CAS Cleanup

If using an Indexed CAS along with an S3 storage backend, you can run a separate daemon to handle LRU cleanup/expiry of blobs from S3, to stay within usage quotas for example. Non-S3 backends can broadly use other mechanisms to handle expiry of old blobs.

This continuously monitors the current size of the CAS contents, and triggers cleanup if the contents reach a specified “high water mark” size. The cleanup deletes blobs (in configurably-sized chunks) in least recently used order until the size of the CAS contents reaches a specified “low water mark”, when it stops deleting and goes back to monitoring the size.

Usage

To run the cleanup daemon,

bgd cleanup --high-watermark 10G --low-watermark 7.5G --batch-size 100M \
    --sleep-interval 10 deployment.yml

The batch size and high/low water mark parameters take numbers in bytes. Shorthands for kB, MB, GB, and TB are available as K, M, G, and T respectively, as seen in the example.

The batch size is the minimum amount of space cleared in one go. The cleanup tool will try to remain as close as possible to the configured batch size, but depending on the size of blobs in the CAS will sometimes delete more than the specified batch at a time.

A smaller batch size adds more load to the database and the storage backend, but space will start to be actually cleared faster than with large batch sizes.

If the batch size is larger than the difference between the current CAS size and the low water mark, then the whole set of deletions required will be done in one batch.

The sleep interval is the time in seconds to sleep after checking whether the CAS size has reached the configured high water mark. A lower sleep interval means a more reactive cleanup, at the cost of more database load.

The configuration file used should contain the index and backend storage definitions. The easiest way to achieve this is to just use the same config file that was used to deploy the indexed CAS in the first place.

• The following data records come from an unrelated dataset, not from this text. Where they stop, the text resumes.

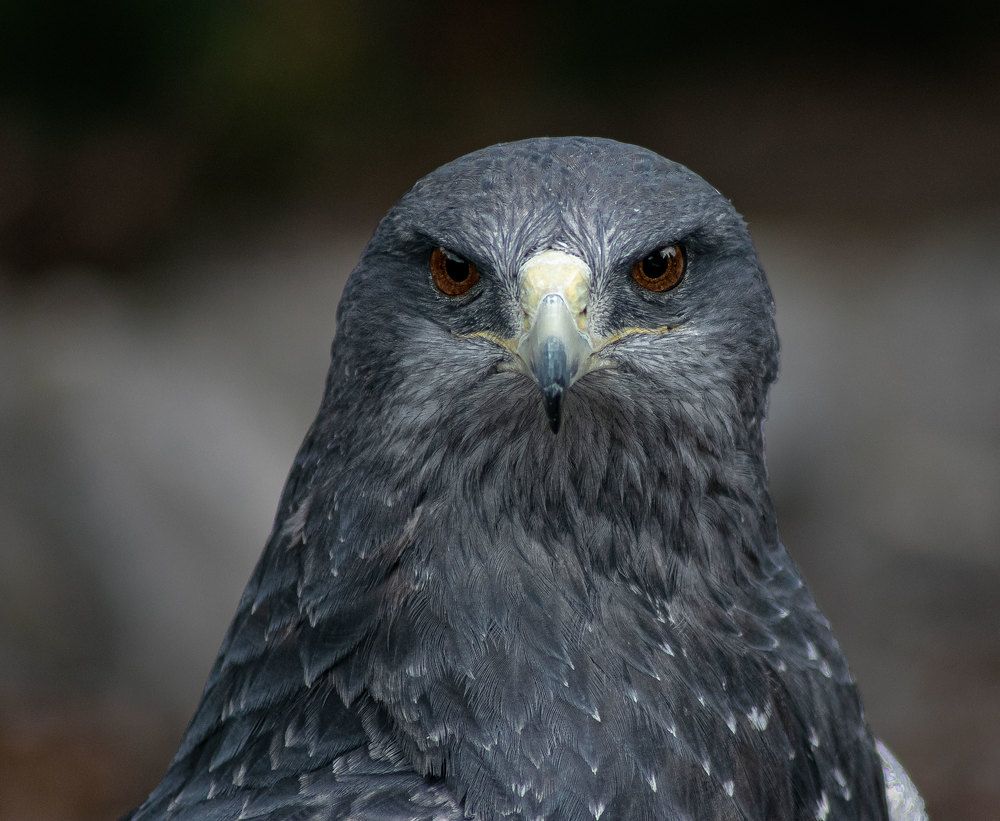 Photograph by Yauri Anrango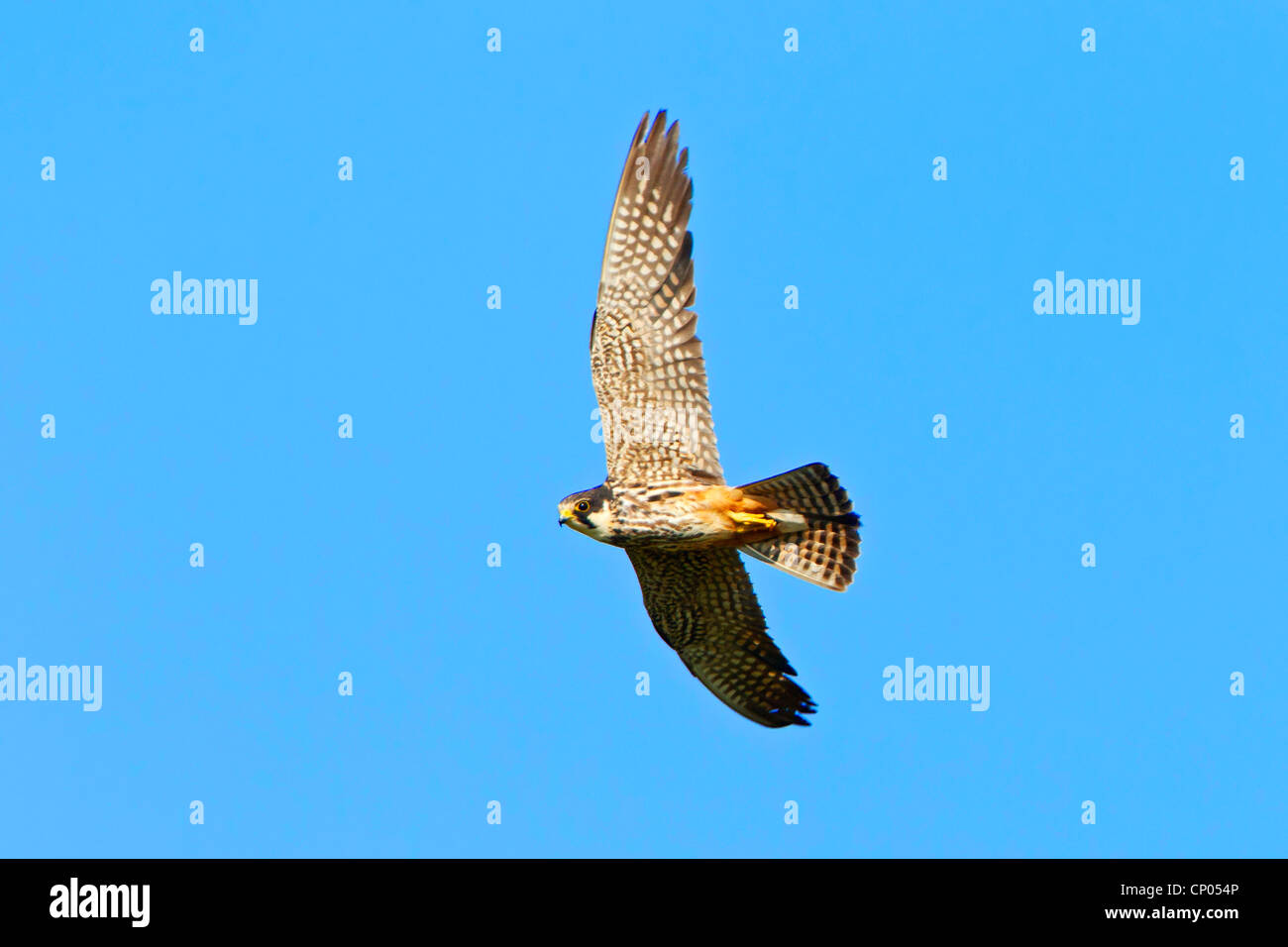 Hobby settentrionale (Falco Subbuteo®), battenti, in Germania, in Renania Palatinato Foto Stock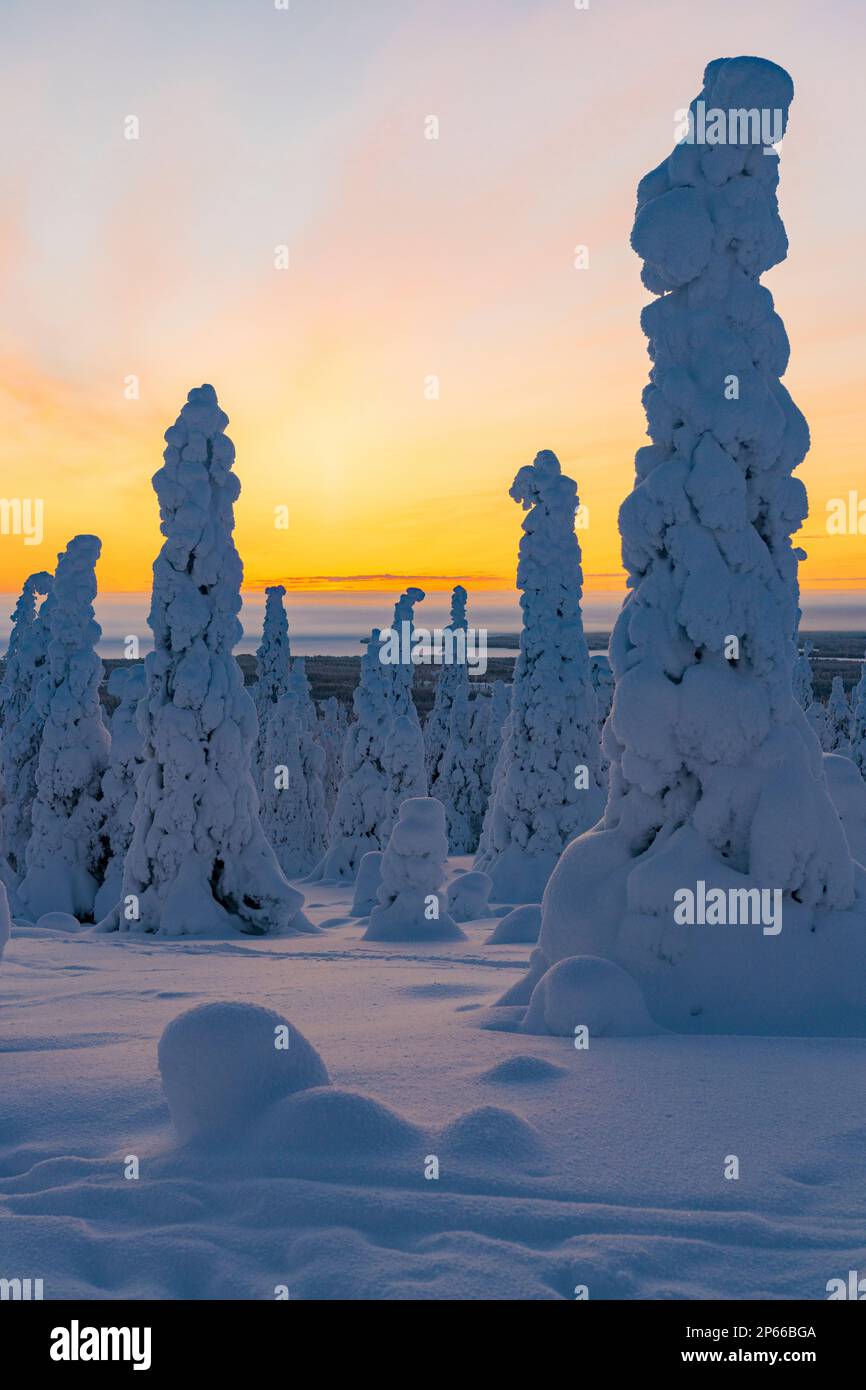 Alberi alti coperti di neve nella foresta artica gelata all'alba, Parco Nazionale di Riisitunturi, Posio, Lapponia, Finlandia, Europa Foto Stock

It should be noted that if monitoring is configured in the provided config file (see Automatic job pruning) then any metrics produced by the cleanup tool will be published in the configured place. If that shouldn’t be the same place as the indexed CAS metrics for whatever reason then the config will need to be changed.

Note If using a WithCache storage type and a non-distributed storage type, such as InMemoryLRU, the caches will not be cleaned up along with the backing storage. In rare cases this can cause issues. To minimize this issue, the configured cache size across all BuildGrids should be smaller than the configured low watermark.